After dinner last night, Charlie had to pee.
This is not an unusual situation. Sam puts Charlie on his leash and takes him into the front yard to do his business. But it was an unusually lovely night; the humidity had dropped and the sun was still shining, so I went out, too. On the street, we ran into our neighbors, also walking their dog.
Sam was without a shirt. Earlier in the evening I’d noticed a huge stain on my shirt, but I figured, who cares? No one’s going to see me. And then, here we were, facing our neighbors, who are exquisitely lovely, exquisitely kempt people. He’s British, for god’s sake! They looked like they were plucked from an L.L. Bean catalog, walking their stately Golden Retriever, while scruffy little Charlie strained his leash to frantically sniff around her butt.
We stood out there chatting for a while, the refined, fully-dressed, non-stained neighbors and their classy dog and Sam, half-naked, and me, food smeared on my clothes, and our disheveled butt- sniffer of a dog.
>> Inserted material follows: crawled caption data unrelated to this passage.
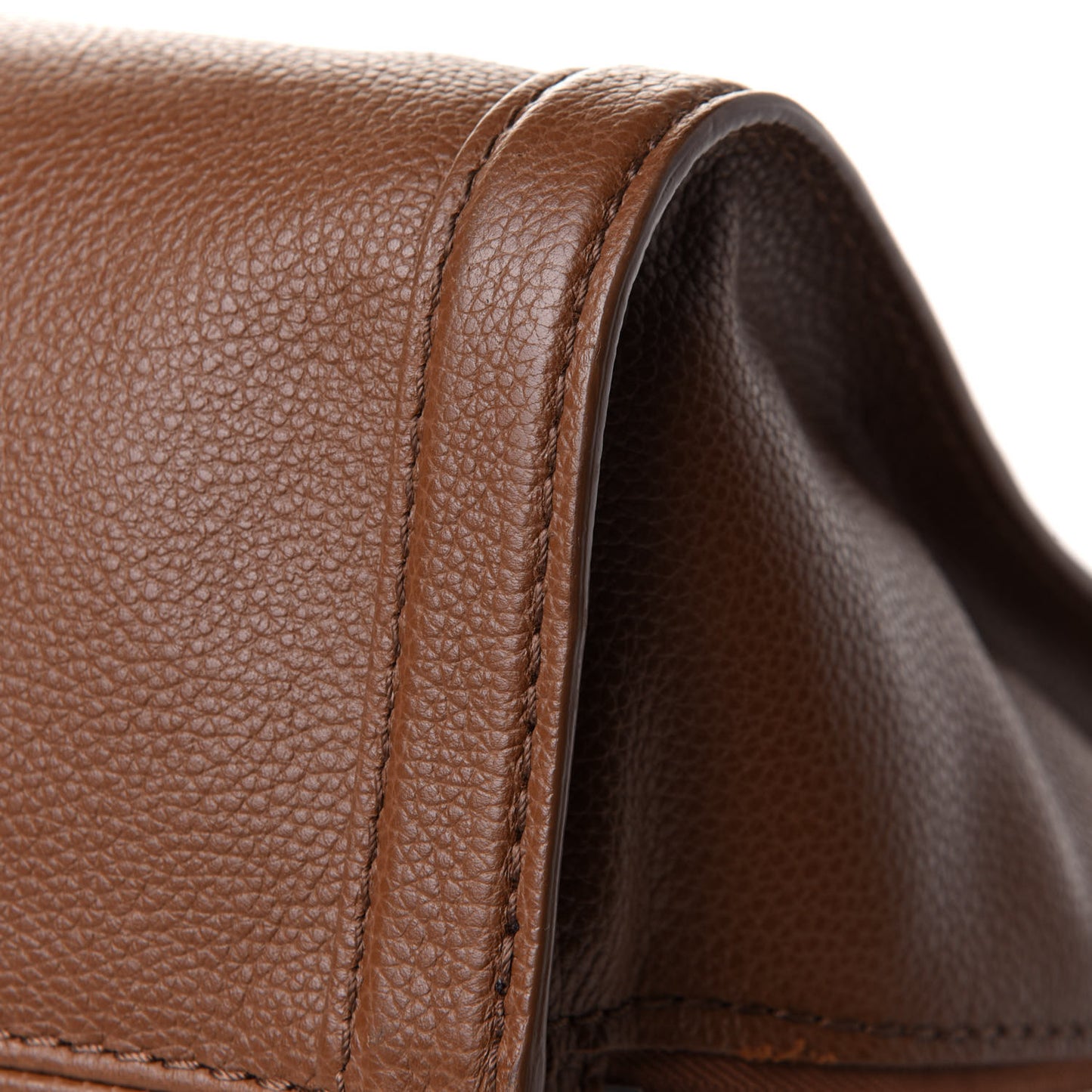 Pebbled Calfskin Large Skull Padlock Zip Around Tote Cuoio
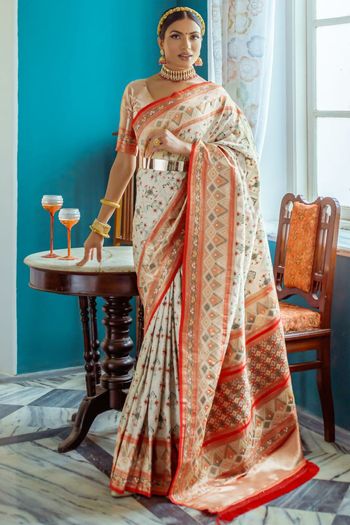 Banarasi Soft Silk Meenakari Woven Patola Saree SR05800470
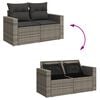 vidaXL 5 Piece Garden Sofa Set with Cushions Grey Poly Rattan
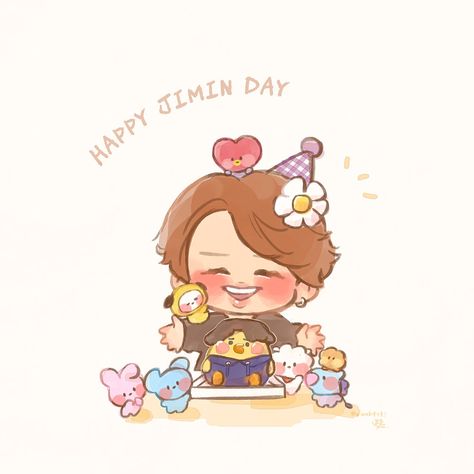 Jimin Chibi, Jimin Drawing, Happy Jimin Day, Happy Birthday Jimin, Jimin Cartoon, Jimin Cute Cartoon, Jimin Animated, Jimin Chibi Cute Fanart, Jimin Birthday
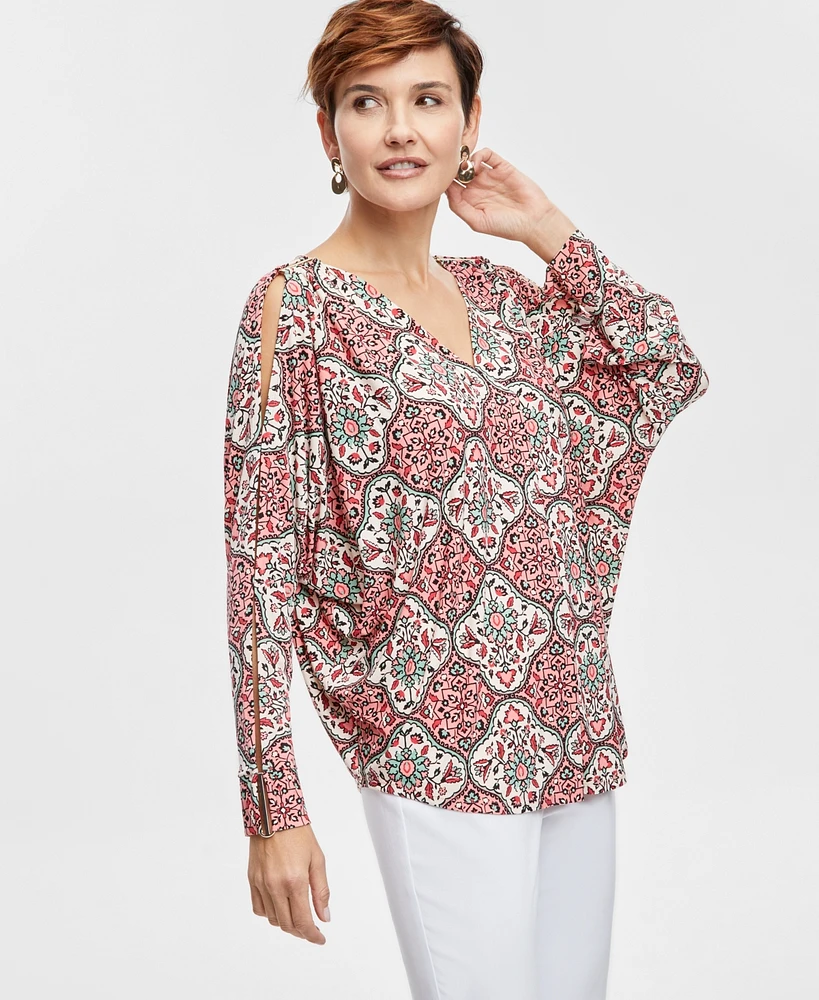 Jm Collection Women's Printed Hardware Dolman Top, Exclusively at Macy's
This was my awareness, and it colored the entire interaction. My mortification at our grossness by contrast loomed large, even as we were yammering on about soccer and kitchen renovations and what the kids are up to.
Sam, on the other hand, felt fine. More than fine. Oblivious, like a toddler, or Charlie.
When we got back inside, I thought about how liberating it would be, to be Sam! To lose the inner critic that gets in the way of just enjoying a beautiful summer evening, walking our dog and running into neighbors. This enviable indifference to appearances is an organic extension of Sam’s lovely, natural state of I don’t give a shit that I wish I shared.
I decided to approach this by association, delighting in Sam’s ease in himself, in any condition. I am saddled with so much self-consciousness, but I can at least appreciate the setting down of the burden of keeping up appearances, and, like shirtless Sam, the absolute owning of it.
I say comfort over kempt yet some could be both.